For example for 26 the root is 5.099. Using the above method we have to test just 5 numbers instead of 25. Only 100 tests in case of 10000.
The factors greater than the root can be found by dividing the number by the factors less than or equal to the number.
Finding the intersection of the factors of all numbers is trivial after that.
val set = (1 to sqrt(n).ceil.toInt).filter(n % _ == 0).toSet
set ++ set.map(n / _)
IMO this is to much work/optimization for an easy problem - neither the most trivial (bruteforce the common divisors) nor the first order optimization (only bruteforce the divisors of the GCD) will run in time
I don't know about the other languages, but it's very easy in Racket, as you can just compose 3 existing functions which do all the work.
yes if you know what you are doing - but functional programming is not basic number theory (not all programmers have a math background)
Indeed, at least partly. I don't really have a math background, either. Therefore a good library provided by the language can make the task easier in case you care to look and happen to be able to connect the strings (figuratively).
A Haskell IO template I use
countCommonDivisors :: Int -> Int -> Int
countCommonDivisors a b = -- give your solution over here
main = do
s <- getContents
let u = [map read (words s) | s <- (tail . lines) s]
putStrLn $ unlines $ map show [countCommonDivisors a b | [a, b] <- u]
Unfortunately, I haven't arrived at that simple algebraic formula. Therefore, I solved the problem counting the number of all possible common divisors algorithmically.

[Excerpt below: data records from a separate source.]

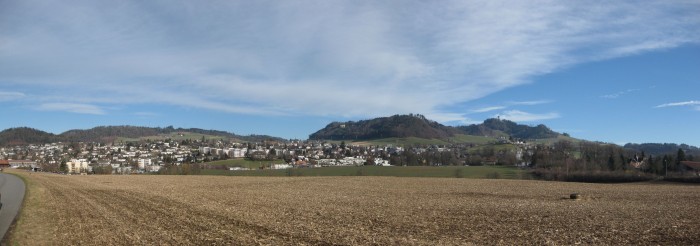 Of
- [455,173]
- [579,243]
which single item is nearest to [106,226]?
[579,243]

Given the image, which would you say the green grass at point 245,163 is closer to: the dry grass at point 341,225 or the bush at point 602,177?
the bush at point 602,177

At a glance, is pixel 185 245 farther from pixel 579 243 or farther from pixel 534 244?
pixel 579 243

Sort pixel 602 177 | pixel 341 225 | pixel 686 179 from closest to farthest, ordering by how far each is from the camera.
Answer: pixel 341 225 < pixel 686 179 < pixel 602 177

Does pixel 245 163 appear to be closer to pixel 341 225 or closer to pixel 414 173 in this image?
pixel 414 173

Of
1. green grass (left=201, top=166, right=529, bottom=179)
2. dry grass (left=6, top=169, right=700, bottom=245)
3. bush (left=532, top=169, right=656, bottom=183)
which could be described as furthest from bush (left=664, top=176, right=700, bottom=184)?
dry grass (left=6, top=169, right=700, bottom=245)

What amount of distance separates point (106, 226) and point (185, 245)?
652 cm

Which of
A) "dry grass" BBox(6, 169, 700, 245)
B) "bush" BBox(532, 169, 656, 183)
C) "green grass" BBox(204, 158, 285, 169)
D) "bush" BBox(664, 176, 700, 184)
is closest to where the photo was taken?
"dry grass" BBox(6, 169, 700, 245)

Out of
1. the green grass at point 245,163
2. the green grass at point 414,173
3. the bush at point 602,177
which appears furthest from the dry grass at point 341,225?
the green grass at point 245,163

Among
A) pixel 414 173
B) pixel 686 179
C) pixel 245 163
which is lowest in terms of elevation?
pixel 414 173

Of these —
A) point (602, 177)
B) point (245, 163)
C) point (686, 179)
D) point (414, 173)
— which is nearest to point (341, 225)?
point (686, 179)

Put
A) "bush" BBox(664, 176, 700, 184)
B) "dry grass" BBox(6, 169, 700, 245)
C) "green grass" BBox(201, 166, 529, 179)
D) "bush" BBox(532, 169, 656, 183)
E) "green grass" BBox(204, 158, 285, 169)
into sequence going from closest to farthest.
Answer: "dry grass" BBox(6, 169, 700, 245)
"bush" BBox(664, 176, 700, 184)
"bush" BBox(532, 169, 656, 183)
"green grass" BBox(201, 166, 529, 179)
"green grass" BBox(204, 158, 285, 169)

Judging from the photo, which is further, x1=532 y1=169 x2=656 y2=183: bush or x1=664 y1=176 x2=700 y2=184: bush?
x1=532 y1=169 x2=656 y2=183: bush

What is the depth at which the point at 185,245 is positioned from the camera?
1534 cm

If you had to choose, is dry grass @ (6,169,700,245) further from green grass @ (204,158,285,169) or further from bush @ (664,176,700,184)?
green grass @ (204,158,285,169) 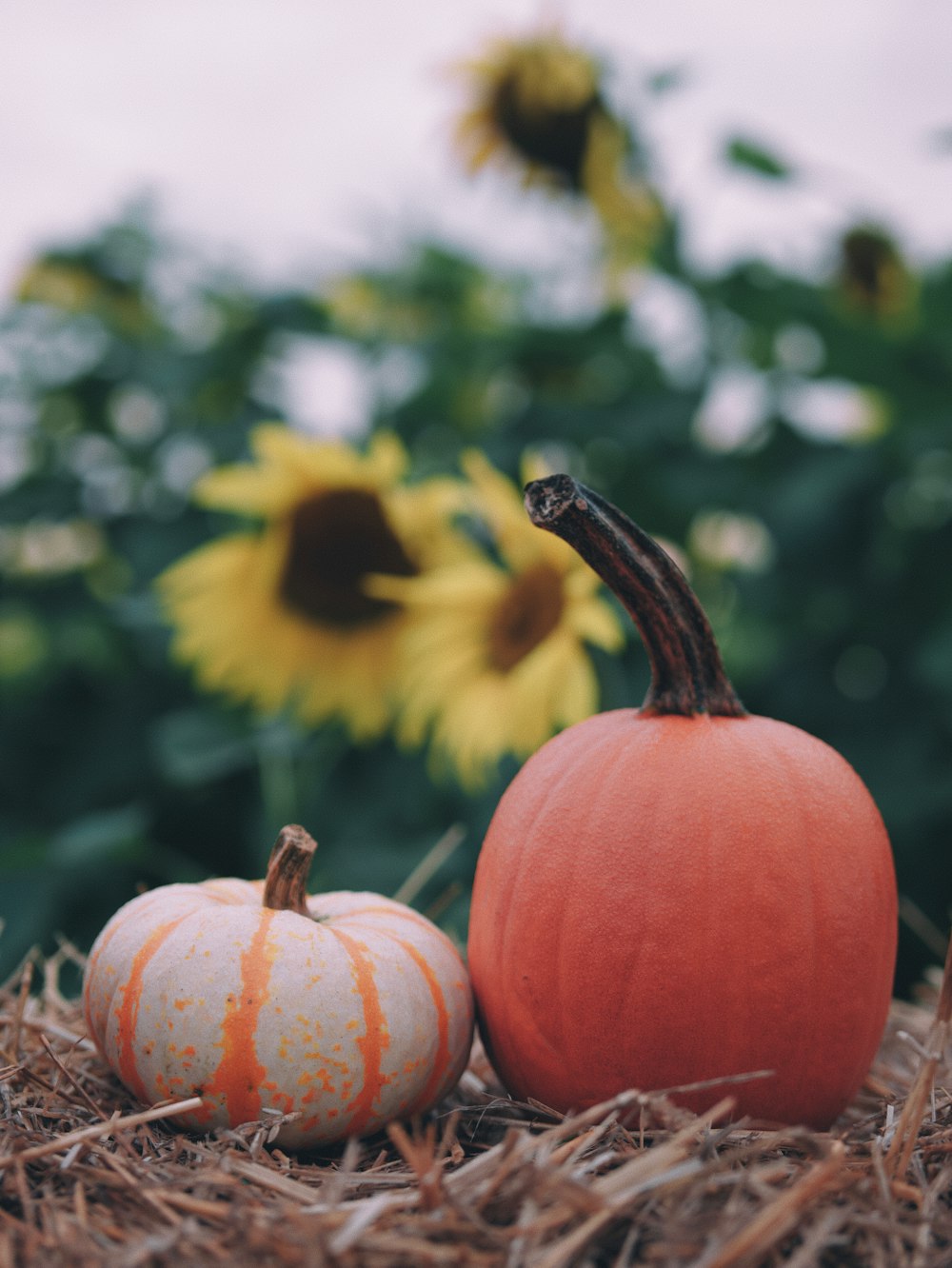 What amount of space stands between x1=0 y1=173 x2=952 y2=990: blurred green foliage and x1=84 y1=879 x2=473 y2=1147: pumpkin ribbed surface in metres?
0.72

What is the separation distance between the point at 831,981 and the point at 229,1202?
20.8 inches

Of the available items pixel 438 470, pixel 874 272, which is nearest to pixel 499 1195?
pixel 438 470

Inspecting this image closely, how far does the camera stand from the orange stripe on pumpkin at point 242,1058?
0.95 metres

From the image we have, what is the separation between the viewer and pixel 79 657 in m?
2.48

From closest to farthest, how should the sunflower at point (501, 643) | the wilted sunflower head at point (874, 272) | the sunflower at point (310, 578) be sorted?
the sunflower at point (501, 643) < the sunflower at point (310, 578) < the wilted sunflower head at point (874, 272)

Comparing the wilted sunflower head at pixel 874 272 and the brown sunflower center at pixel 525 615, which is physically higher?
the wilted sunflower head at pixel 874 272

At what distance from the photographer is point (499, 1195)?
30.7 inches

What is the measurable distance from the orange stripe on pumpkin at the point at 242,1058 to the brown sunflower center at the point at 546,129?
1861 millimetres

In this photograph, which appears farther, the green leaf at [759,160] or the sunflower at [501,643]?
the green leaf at [759,160]

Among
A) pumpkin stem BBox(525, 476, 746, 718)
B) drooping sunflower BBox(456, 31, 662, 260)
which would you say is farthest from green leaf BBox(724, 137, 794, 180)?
pumpkin stem BBox(525, 476, 746, 718)

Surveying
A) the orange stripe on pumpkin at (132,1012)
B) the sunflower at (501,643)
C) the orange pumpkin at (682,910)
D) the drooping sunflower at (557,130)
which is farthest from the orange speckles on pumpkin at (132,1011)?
the drooping sunflower at (557,130)

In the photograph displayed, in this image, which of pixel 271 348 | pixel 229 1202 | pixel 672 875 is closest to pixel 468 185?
pixel 271 348

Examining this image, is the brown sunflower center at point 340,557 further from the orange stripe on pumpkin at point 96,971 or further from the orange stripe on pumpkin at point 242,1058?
the orange stripe on pumpkin at point 242,1058

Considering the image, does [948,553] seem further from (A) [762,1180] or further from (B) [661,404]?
(A) [762,1180] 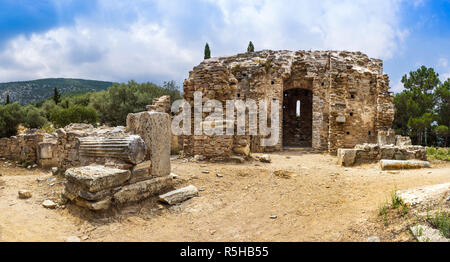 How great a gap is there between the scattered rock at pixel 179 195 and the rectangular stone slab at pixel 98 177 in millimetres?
808

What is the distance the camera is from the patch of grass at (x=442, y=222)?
8.00 feet

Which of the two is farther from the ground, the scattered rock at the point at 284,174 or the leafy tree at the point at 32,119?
the leafy tree at the point at 32,119

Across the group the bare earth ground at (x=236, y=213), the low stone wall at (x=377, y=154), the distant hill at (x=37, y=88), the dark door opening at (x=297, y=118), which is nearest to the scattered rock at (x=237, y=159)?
the bare earth ground at (x=236, y=213)

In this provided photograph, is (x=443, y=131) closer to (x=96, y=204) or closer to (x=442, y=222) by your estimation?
(x=442, y=222)

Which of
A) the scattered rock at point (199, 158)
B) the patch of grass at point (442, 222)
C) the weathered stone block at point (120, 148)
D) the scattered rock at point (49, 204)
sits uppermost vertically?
the weathered stone block at point (120, 148)

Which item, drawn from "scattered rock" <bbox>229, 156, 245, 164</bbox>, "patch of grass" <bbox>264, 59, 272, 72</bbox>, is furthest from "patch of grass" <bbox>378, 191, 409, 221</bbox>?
"patch of grass" <bbox>264, 59, 272, 72</bbox>

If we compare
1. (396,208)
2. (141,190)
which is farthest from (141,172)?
(396,208)

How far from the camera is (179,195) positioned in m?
4.61

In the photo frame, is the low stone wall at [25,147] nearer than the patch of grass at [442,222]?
No

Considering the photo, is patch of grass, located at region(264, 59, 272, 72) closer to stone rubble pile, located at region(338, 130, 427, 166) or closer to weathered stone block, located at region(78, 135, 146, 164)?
stone rubble pile, located at region(338, 130, 427, 166)

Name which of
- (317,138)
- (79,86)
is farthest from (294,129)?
(79,86)

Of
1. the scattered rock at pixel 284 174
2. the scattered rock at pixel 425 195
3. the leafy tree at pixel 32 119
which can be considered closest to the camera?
the scattered rock at pixel 425 195

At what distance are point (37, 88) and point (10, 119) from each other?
53779 mm

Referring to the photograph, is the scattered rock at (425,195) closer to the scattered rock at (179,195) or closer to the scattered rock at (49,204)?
the scattered rock at (179,195) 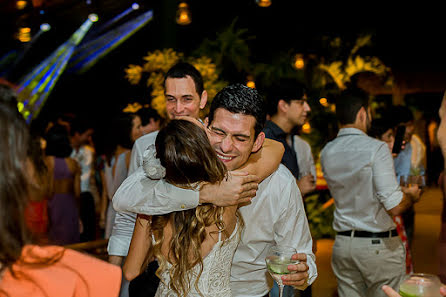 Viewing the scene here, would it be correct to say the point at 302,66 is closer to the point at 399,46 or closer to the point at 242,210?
the point at 399,46

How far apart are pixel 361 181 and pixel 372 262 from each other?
52 cm

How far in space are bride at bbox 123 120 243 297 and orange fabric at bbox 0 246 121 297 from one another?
68 cm

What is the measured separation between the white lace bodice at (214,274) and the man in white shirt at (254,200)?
0.25 meters

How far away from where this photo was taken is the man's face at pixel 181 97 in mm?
2924

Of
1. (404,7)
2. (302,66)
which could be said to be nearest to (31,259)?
(302,66)

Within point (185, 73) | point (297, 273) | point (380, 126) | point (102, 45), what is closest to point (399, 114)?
point (380, 126)

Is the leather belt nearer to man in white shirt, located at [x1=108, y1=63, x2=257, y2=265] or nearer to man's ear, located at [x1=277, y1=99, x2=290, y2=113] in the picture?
man's ear, located at [x1=277, y1=99, x2=290, y2=113]

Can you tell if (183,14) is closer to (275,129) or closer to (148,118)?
(148,118)

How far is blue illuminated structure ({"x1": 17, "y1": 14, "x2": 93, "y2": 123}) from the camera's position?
1412 cm

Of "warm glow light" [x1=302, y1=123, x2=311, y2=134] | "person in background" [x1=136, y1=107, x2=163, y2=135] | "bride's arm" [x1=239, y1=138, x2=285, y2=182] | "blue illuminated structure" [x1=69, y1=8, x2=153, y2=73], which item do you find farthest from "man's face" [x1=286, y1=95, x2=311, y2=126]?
"blue illuminated structure" [x1=69, y1=8, x2=153, y2=73]

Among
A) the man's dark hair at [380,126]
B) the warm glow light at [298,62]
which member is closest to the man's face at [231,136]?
the man's dark hair at [380,126]

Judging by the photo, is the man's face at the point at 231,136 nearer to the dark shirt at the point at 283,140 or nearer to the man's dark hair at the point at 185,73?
the man's dark hair at the point at 185,73

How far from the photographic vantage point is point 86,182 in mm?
6074

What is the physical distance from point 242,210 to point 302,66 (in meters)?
5.70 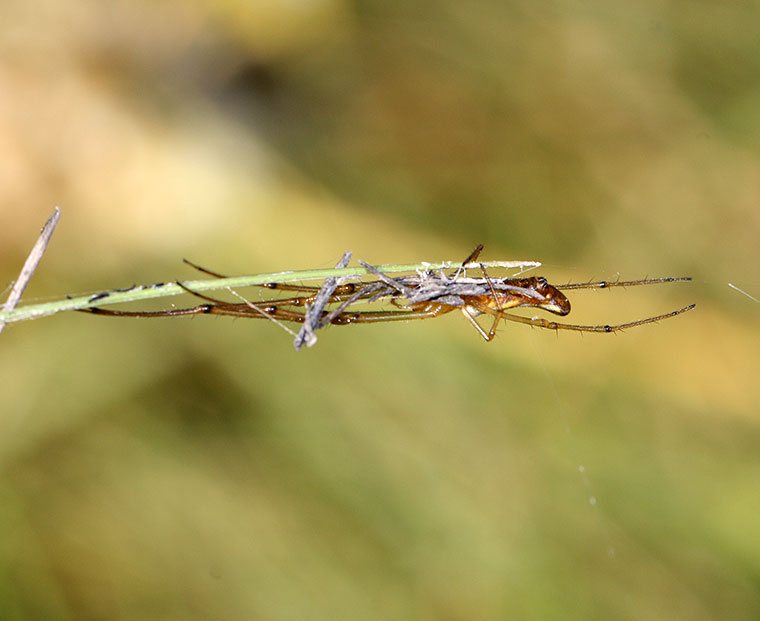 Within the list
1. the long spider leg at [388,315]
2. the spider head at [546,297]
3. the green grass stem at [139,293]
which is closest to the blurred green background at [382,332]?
the spider head at [546,297]

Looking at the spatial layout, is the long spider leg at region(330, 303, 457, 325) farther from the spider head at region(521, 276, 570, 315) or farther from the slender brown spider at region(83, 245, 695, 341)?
the spider head at region(521, 276, 570, 315)

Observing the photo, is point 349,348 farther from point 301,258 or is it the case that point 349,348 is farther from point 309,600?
point 309,600

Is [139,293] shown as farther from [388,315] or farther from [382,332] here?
[382,332]

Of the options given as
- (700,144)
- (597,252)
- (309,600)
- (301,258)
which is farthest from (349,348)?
(700,144)

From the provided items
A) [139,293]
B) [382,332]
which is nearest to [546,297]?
[139,293]

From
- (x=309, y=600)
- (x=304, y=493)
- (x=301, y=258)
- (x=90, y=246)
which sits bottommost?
(x=309, y=600)

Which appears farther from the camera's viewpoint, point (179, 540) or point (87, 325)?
point (87, 325)

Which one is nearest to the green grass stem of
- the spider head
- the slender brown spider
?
the slender brown spider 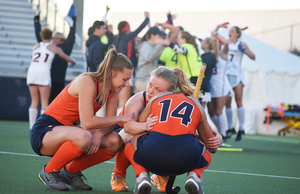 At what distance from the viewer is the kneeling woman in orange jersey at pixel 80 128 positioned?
9.27 feet

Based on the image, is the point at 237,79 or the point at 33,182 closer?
the point at 33,182

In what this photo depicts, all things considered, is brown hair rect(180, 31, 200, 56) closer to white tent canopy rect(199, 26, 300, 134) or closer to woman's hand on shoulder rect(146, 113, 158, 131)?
woman's hand on shoulder rect(146, 113, 158, 131)

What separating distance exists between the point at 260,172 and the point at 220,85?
2.53 meters

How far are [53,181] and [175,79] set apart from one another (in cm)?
117

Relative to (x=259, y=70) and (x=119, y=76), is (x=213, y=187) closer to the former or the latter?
(x=119, y=76)

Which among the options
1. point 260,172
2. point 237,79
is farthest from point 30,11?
point 260,172

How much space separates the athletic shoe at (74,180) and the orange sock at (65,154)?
0.15 meters

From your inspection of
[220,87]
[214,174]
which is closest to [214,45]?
[220,87]

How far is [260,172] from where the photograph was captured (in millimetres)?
4336

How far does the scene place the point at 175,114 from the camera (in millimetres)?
2609

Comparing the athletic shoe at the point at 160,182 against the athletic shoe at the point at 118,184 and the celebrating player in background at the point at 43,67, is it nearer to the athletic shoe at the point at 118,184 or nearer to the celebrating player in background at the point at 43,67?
the athletic shoe at the point at 118,184

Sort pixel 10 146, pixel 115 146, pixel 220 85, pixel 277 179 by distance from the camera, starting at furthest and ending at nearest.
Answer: pixel 220 85 → pixel 10 146 → pixel 277 179 → pixel 115 146

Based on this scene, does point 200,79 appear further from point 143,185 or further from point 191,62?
point 191,62

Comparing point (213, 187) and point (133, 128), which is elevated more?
point (133, 128) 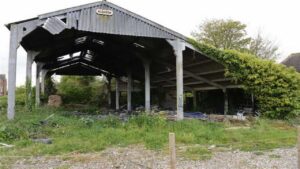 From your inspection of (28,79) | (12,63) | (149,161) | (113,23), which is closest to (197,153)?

import Data.List ( group )
count' :: [Int] -> [Int]
count'  = 
count' [x] = [x]
count' (x:xs) = [x] ++ count' xs ++ map (x*) (count' xs)
count :: [Int] -> Int
count = sum . count'
-- 1 stands for the trivial divisor (one)
numDivisors m l = 1 + count ns
where ns = map length $ group $ factorize $ gcd m l
Testcase 2 has the following input:
The output is:
which means for 80 55 the expected number of common factors is 2. 80 = 2^4 * 5 while 55 = 5 * 11, the number of common factors is 1, not 2. Can somebody look into this?
80 and 55 have 1 and 5 in common. Every case has at least the number 1 in common.
Beautiful but not efficien Haskell solution:
getCommonDivisors m n = length [i | i <- [1..(gcd m n)], (mod m i) == 0, (mod n i) == 0]
main = do
input <- getContents
let l = lines input
\x -> do
let mn = words x
putStrLn $ show (getCommonDivisors (head mn) (last mn))) (tail l)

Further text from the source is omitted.